EXERCISE AIM
Further down are entries; set down exactly and only the lines from the one with "Chevrolet corvette z06 2021" up to and including the one with "El cuerpo del", dropping each picture.

MATERIALS PROVIDED
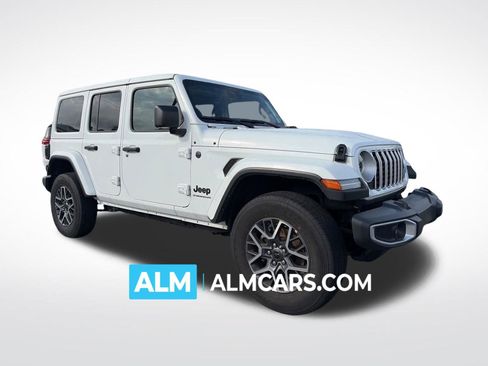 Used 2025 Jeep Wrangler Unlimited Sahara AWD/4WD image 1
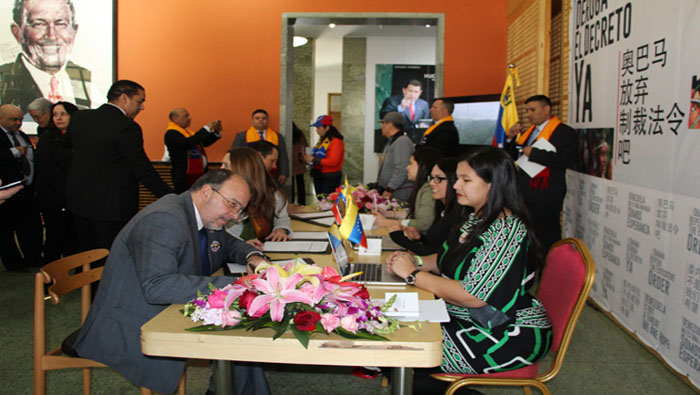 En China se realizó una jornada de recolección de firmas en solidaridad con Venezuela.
...
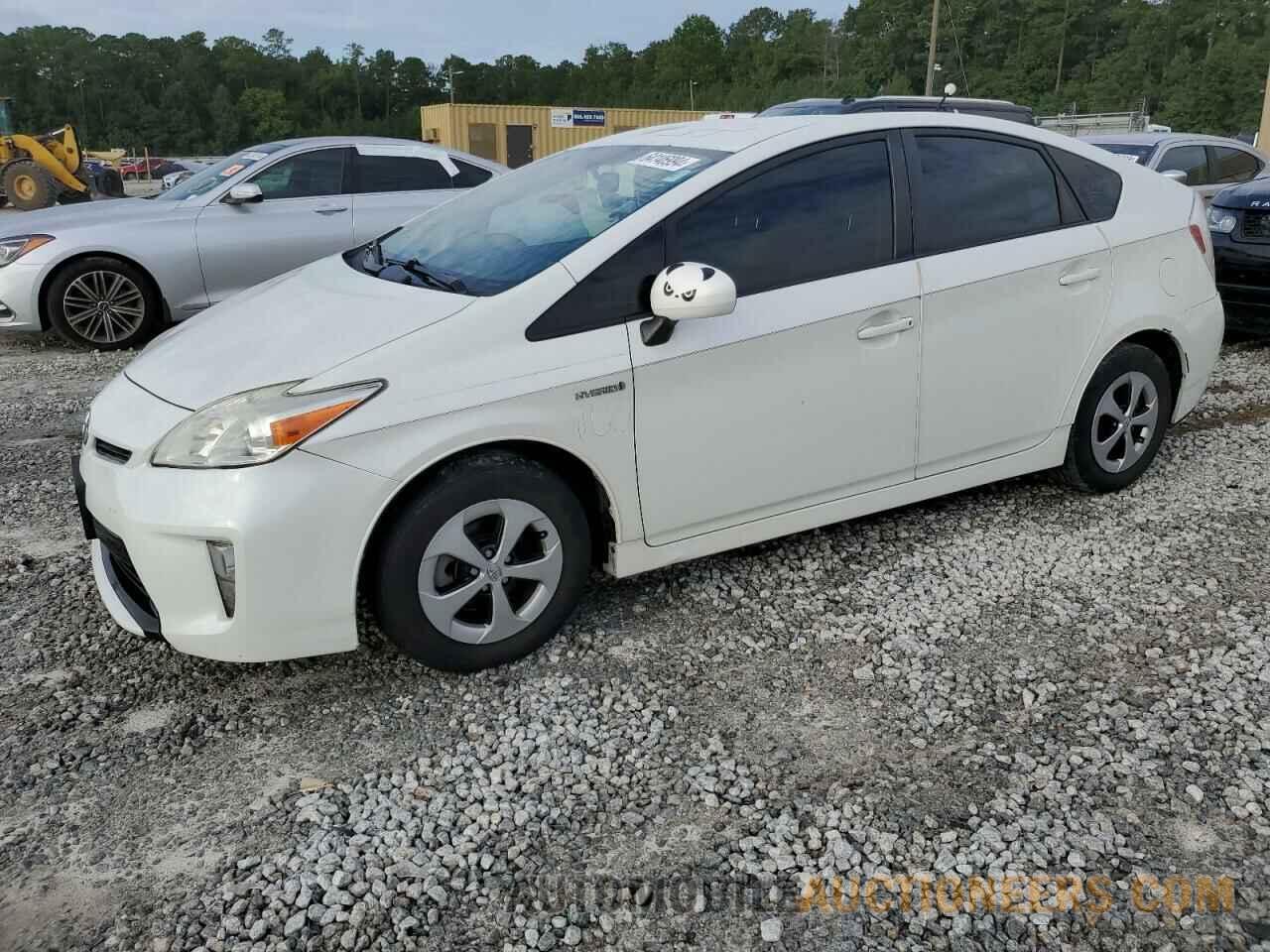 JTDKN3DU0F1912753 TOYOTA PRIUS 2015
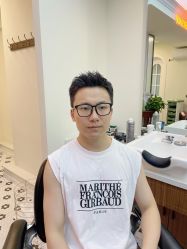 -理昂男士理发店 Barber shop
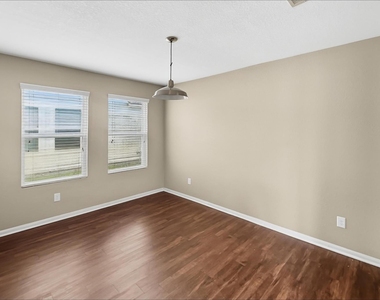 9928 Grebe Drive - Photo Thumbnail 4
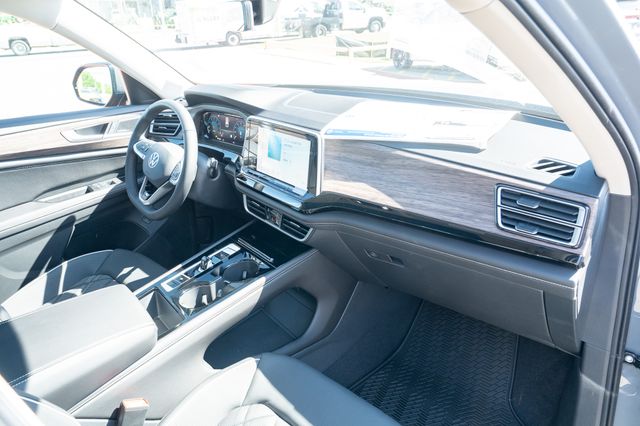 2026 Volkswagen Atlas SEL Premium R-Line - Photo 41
==
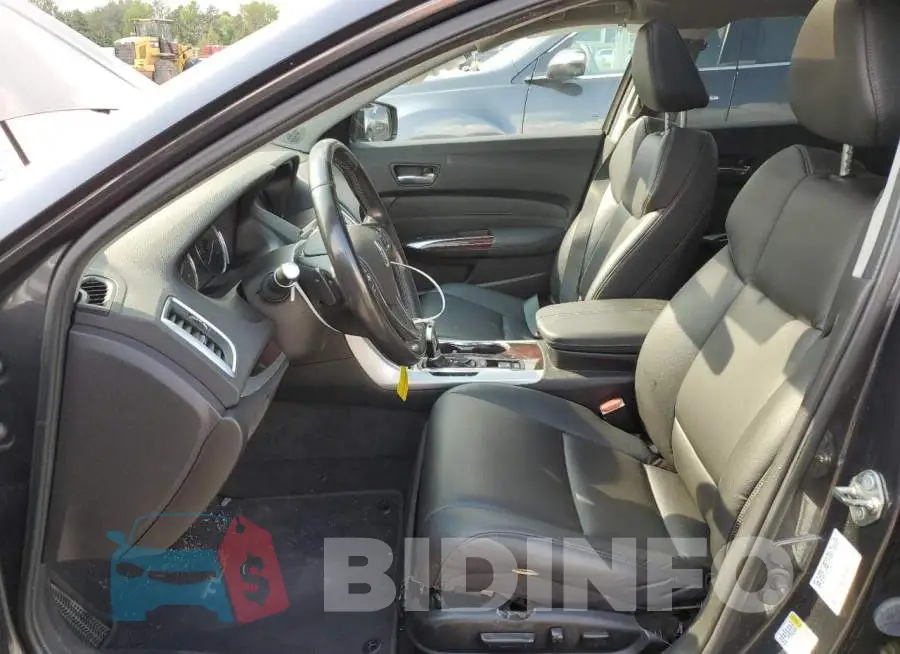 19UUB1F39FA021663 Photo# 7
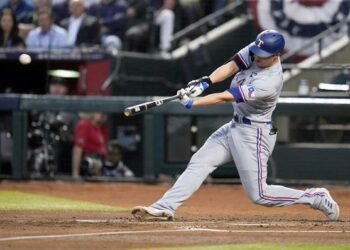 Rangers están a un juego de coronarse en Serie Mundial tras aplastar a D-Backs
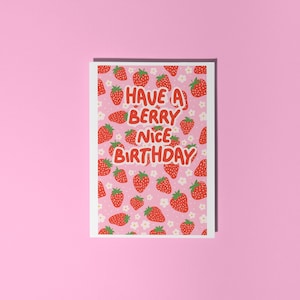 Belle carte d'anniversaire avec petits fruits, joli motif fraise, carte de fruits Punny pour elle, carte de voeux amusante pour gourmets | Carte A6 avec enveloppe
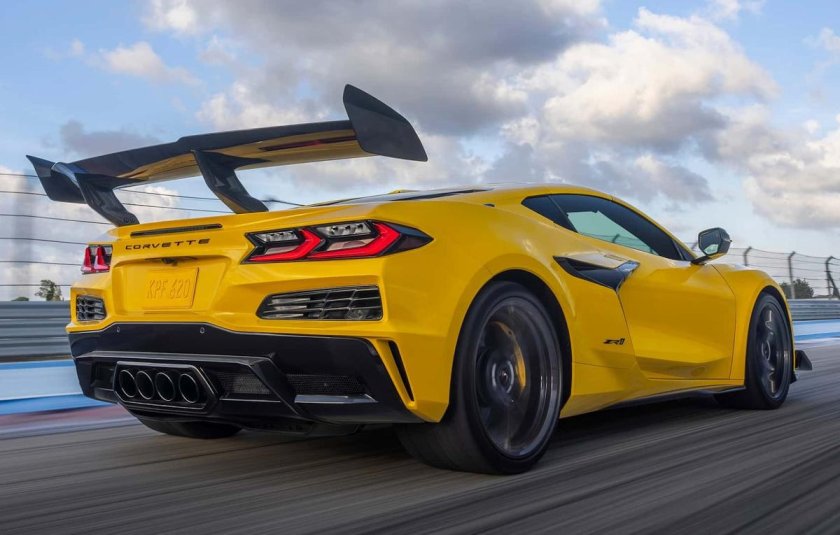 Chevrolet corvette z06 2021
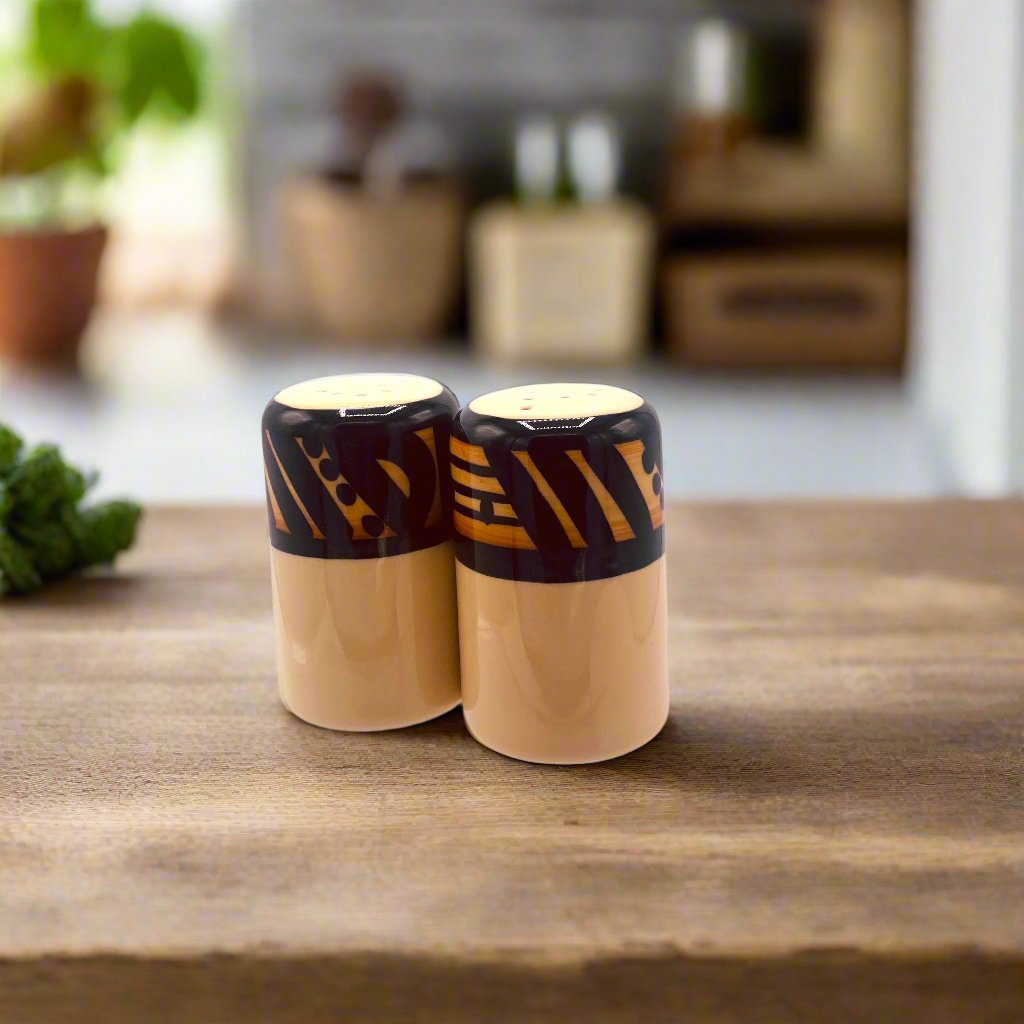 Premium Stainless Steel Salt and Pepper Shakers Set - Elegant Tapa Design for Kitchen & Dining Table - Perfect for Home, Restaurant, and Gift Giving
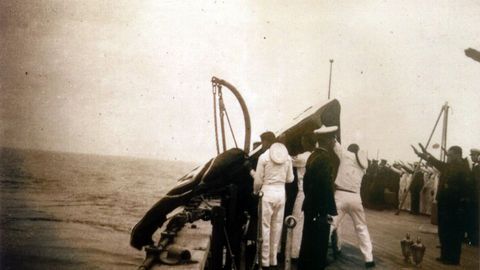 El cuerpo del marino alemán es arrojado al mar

RESPONSE BOX
 Chevrolet corvette z06 2021
 Premium Stainless Steel Salt and Pepper Shakers Set - Elegant Tapa Design for Kitchen & Dining Table - Perfect for Home, Restaurant, and Gift Giving
 El cuerpo del marino alemán es arrojado al mar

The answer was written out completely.